The response should be the data again, identical in every line.

(Web page caption snippets)
::::

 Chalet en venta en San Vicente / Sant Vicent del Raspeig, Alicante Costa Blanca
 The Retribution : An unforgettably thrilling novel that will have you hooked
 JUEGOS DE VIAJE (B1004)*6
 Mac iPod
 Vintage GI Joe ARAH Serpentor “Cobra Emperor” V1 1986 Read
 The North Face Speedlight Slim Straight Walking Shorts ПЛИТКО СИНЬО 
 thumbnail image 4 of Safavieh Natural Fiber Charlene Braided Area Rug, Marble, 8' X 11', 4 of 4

::::

→ **Finished task**
 Chalet en venta en San Vicente / Sant Vicent del Raspeig, Alicante Costa Blanca
 The Retribution : An unforgettably thrilling novel that will have you hooked
 JUEGOS DE VIAJE (B1004)*6
 Mac iPod
 Vintage GI Joe ARAH Serpentor “Cobra Emperor” V1 1986 Read
 The North Face Speedlight Slim Straight Walking Shorts ПЛИТКО СИНЬО 
 thumbnail image 4 of Safavieh Natural Fiber Charlene Braided Area Rug, Marble, 8' X 11', 4 of 4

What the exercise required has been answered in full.